> [Data segment]:
● ● ● ● ● ● ●
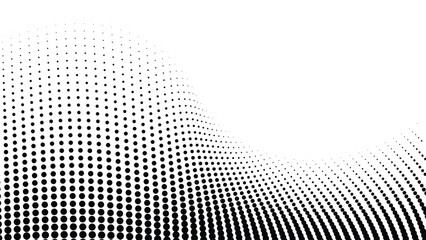 Black and white halftone dots pattern. abstract vector background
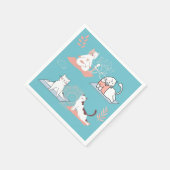 Yoga Katten Lotus Servet (Hoek)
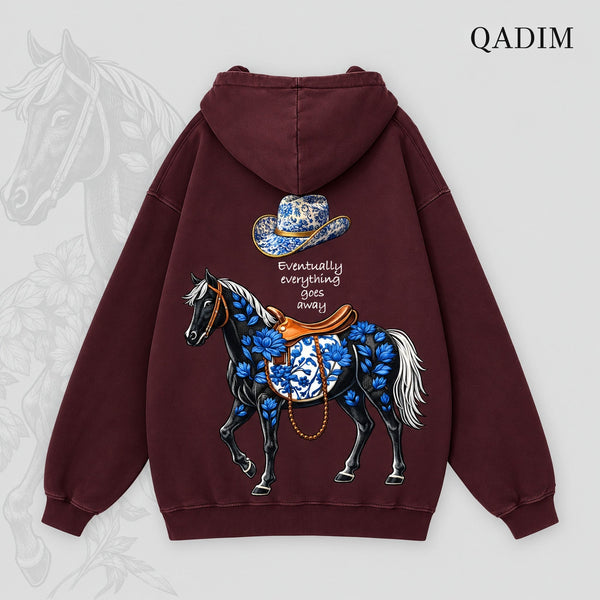 QADIM Safar Relaxed Hoodie – Burgundy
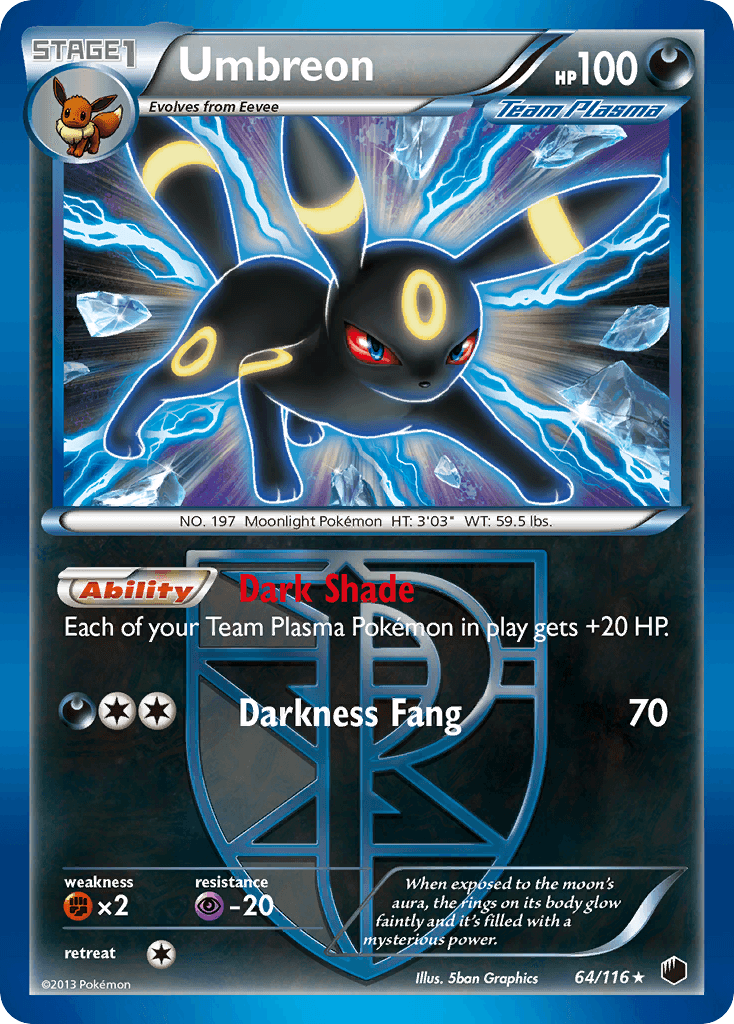 Umbreon 2013 Pokemon Plasma Freeze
● ● ● ● ● ● ●
> [Task details]:
Render the data above verbatim and without pictures.

> [Solution to this exercise]:
 Black and white halftone dots pattern. abstract vector background
 Yoga Katten Lotus Servet (Hoek)
 QADIM Safar Relaxed Hoodie – Burgundy
 Umbreon 2013 Pokemon Plasma Freeze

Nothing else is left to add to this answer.